Material for this task START

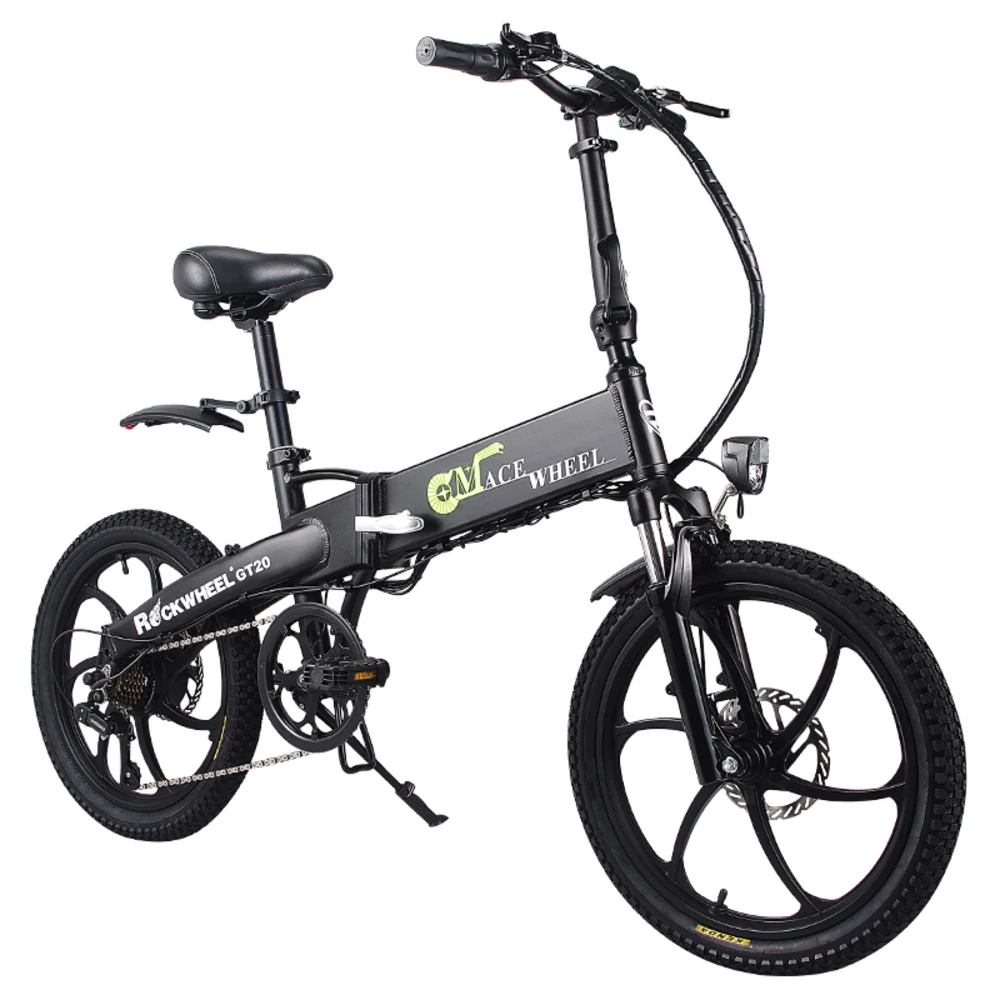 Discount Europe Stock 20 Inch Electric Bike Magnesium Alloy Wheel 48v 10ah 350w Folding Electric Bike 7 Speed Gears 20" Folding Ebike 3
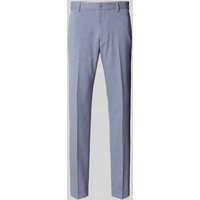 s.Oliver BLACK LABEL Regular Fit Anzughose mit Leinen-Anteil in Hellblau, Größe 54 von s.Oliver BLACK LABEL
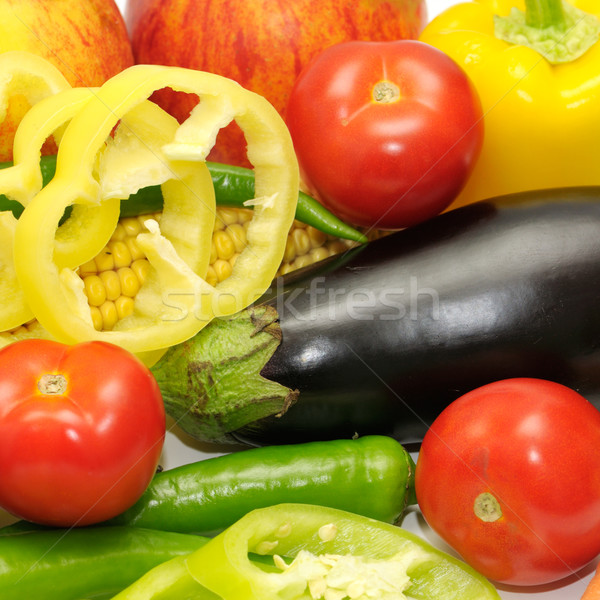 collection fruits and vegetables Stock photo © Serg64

Material for this task END
Material for this task START

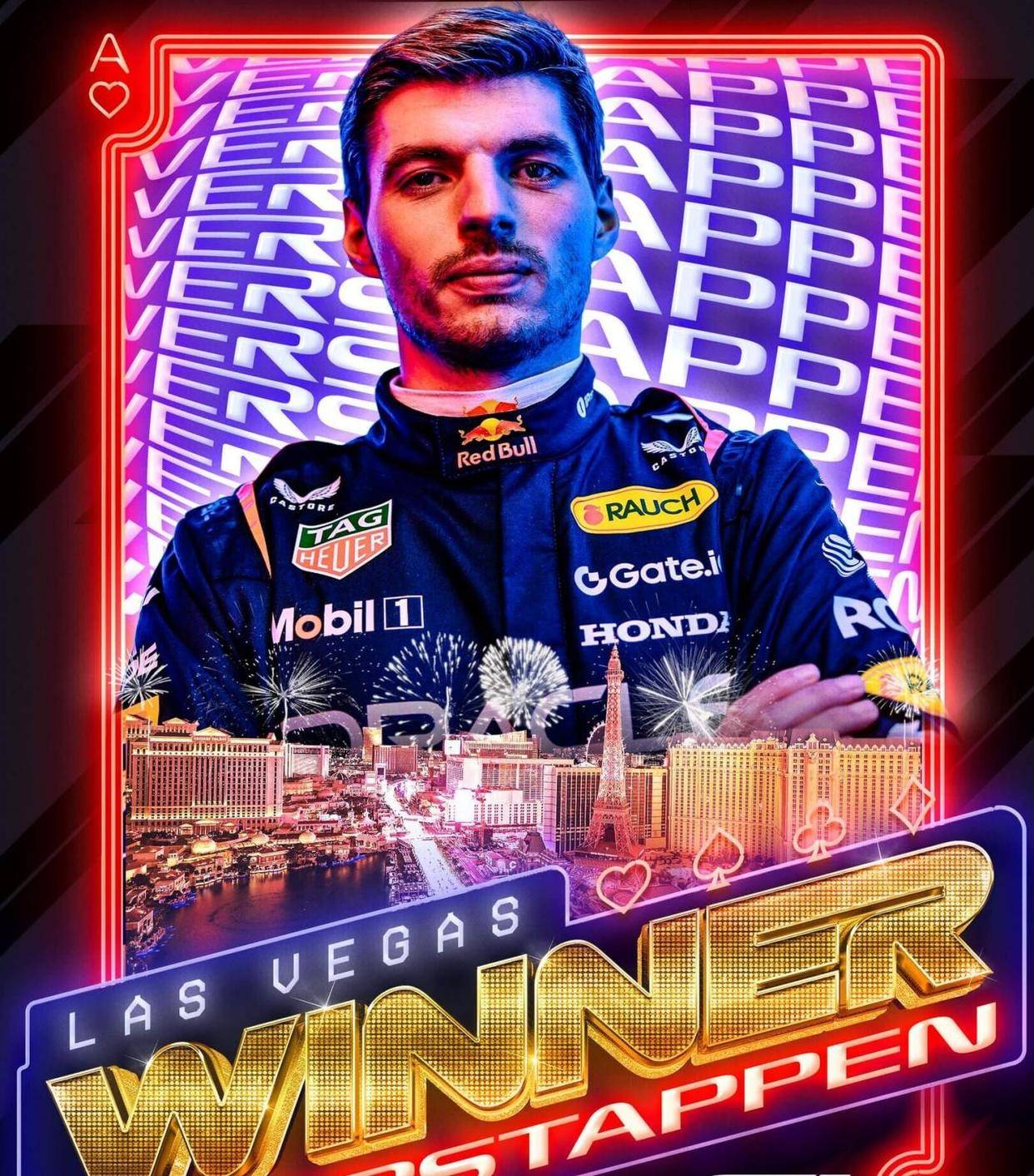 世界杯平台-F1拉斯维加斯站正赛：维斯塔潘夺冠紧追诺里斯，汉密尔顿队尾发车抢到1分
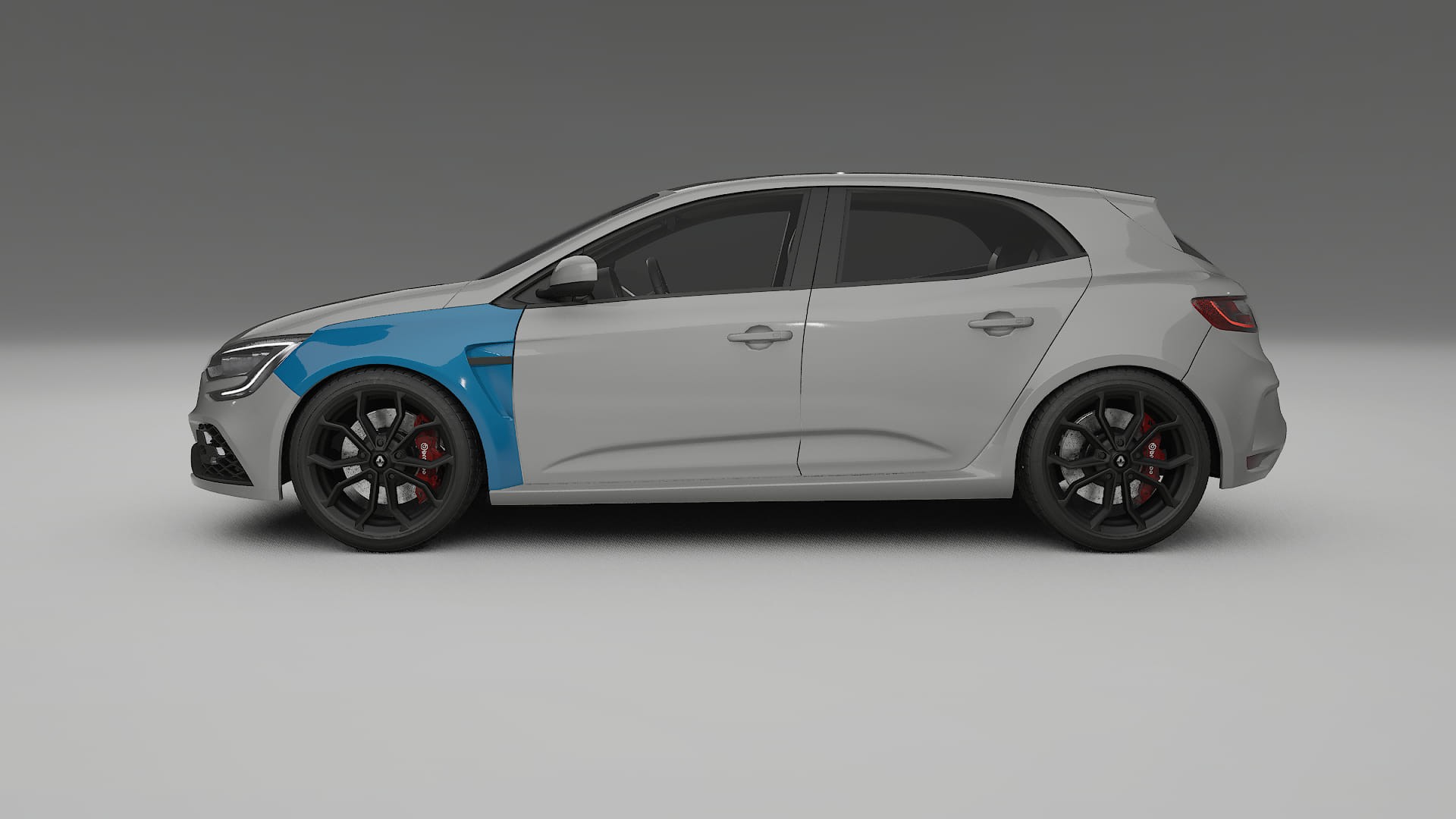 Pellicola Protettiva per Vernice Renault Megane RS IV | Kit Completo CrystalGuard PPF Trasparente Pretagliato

Material for this task END

> _What you are asked to do_
In the records above, find the line with "Discount Europe Stock" and the line with "collection fruits and", then restate word for word only those two lines and all lines between, omitting pictures.

> _Response_
 Discount Europe Stock 20 Inch Electric Bike Magnesium Alloy Wheel 48v 10ah 350w Folding Electric Bike 7 Speed Gears 20" Folding Ebike 3
 s.Oliver BLACK LABEL Regular Fit Anzughose mit Leinen-Anteil in Hellblau, Größe 54 von s.Oliver BLACK LABEL
 collection fruits and vegetables Stock photo © Serg64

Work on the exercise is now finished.